This law is one of the newer EEOC laws, which took effect in November 2009. The EEOC’s definition of
genetic information includes family medical information or information about the manifestation of a
disease or disorder in an individual’s family. For example, an employer cannot discriminate against an
employee whose family has a history of diabetes or cancer. This information could be used to discriminate
against an employee who has an increased risk of getting a disease and may make health care costs more
expensive for the organization.
In addition, the employer is not allowed to seek out genetic information by requesting, requiring, or
purchasing this information. However, there are some situations in which receiving this information
would not be illegal:
1. A manager or supervisor overhears an employee talking about a family member’s illness.
2. Information is received based on wellness programs offered on a voluntary basis.
3. If the information is required as documentation to receive benefits for the Family and Medical
Leave Act (FMLA). FMLA will be discussed in the section about pregnancy.
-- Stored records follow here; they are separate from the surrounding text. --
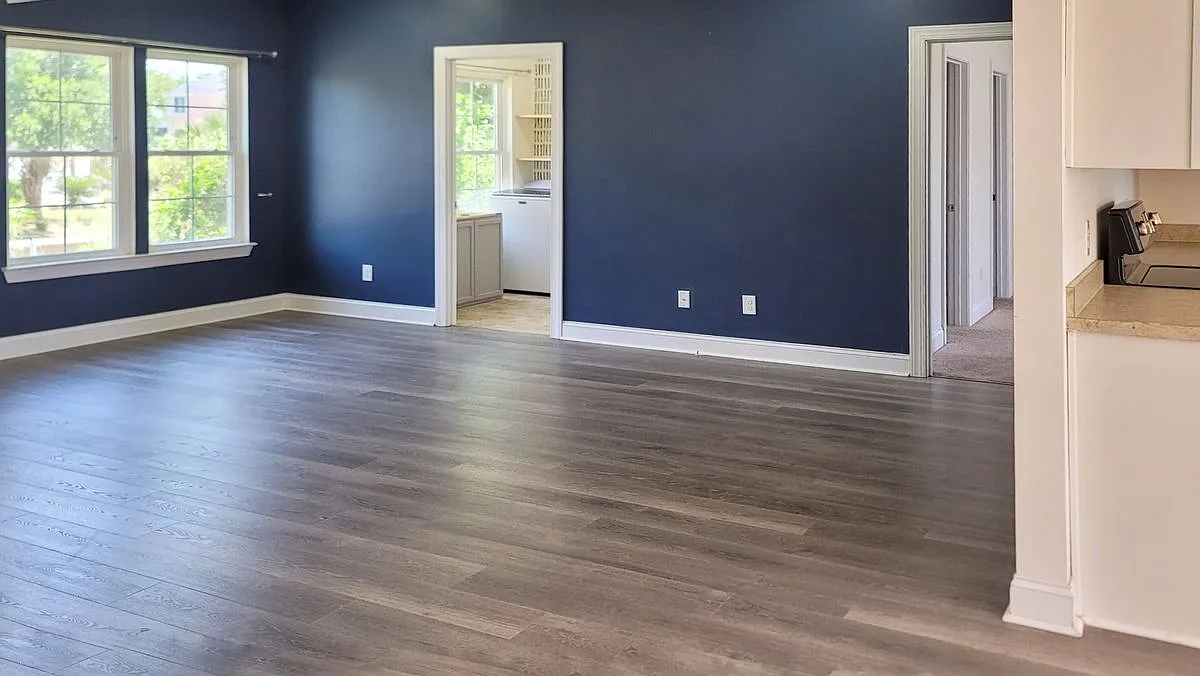 4 bed, 3.0 bath, 2041 sqft, $5,200 — Photo 2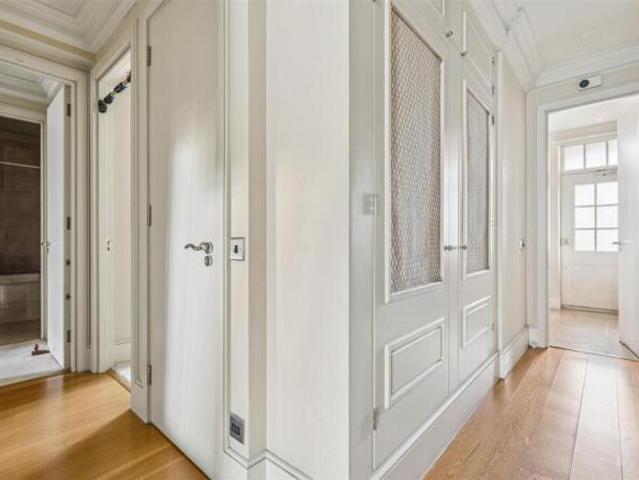 Flat for sale in Cat Hill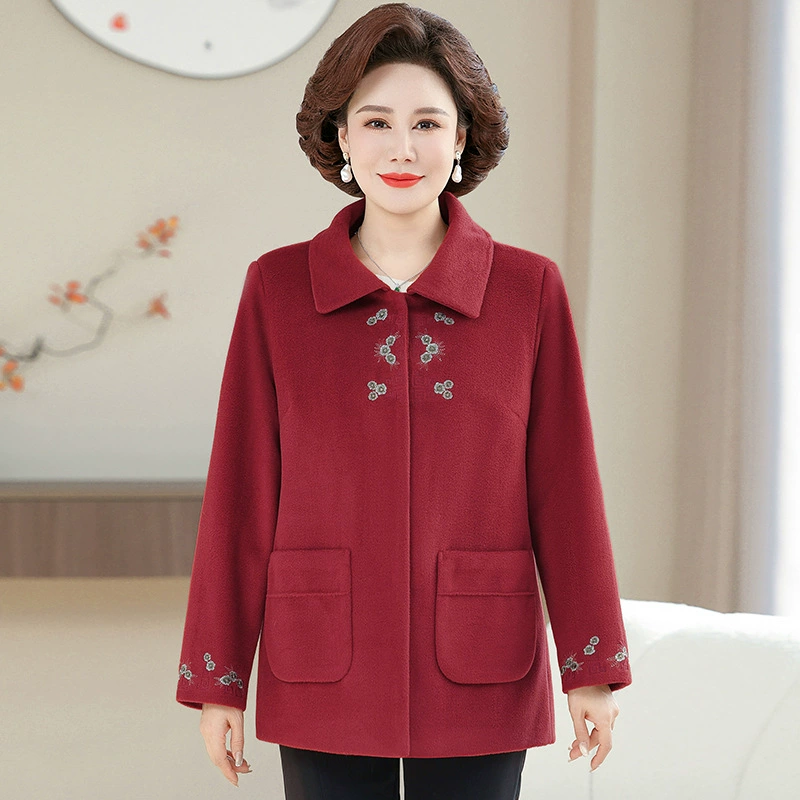 Мама весенне-осеннее пальто новый китайский стиль тонкий плащ иностранного стиля 50-летний средний и пожилой весенний и осенний темперамент топ женский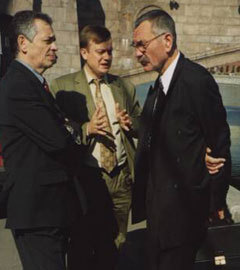 Андрей Быков (в центре) на встрече с руководством EnBW в Москве, 2002 год. Фото с сайта sannicola.ru
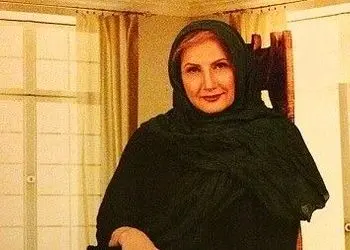 نگاهی به خونه زندگی مدرن زهرا سعیدی بازیگر سریال ستایش/ میز تلفن منبت کاری، جاجیم آذربایجان شرقی، دیوار شیشه ای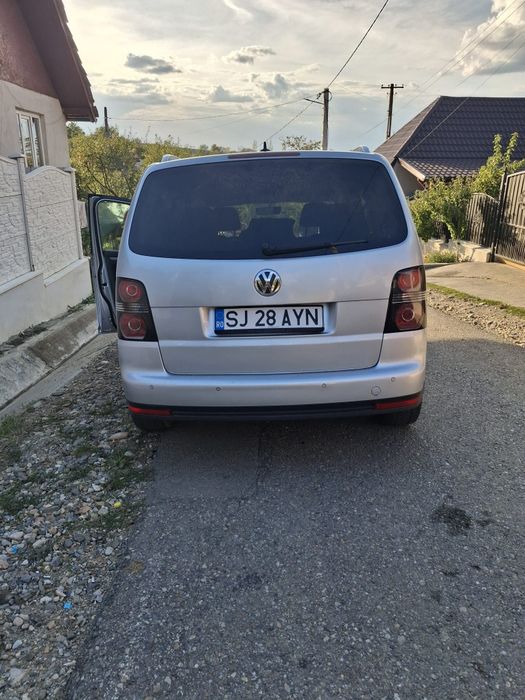 Vand Volkswagen Touran 1.4  tfsi an 2011 euro 6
4. If the information is commercial, such as the appearance of information in a newspaper, as long as
the employer is not specifically searching those sources for the purpose of finding genetic
5. If genetic information is required through a monitoring program that looks at the biological effects
of toxic substances in the workplace.
6. For those professions that require DNA testing, such as law enforcement agencies. In this case, the
genetic information may only be used for analysis in relation to the specific case at hand.
This law also covers how information about genetics should be kept. For example, genetic information
must be kept separate from an employee’s regular file.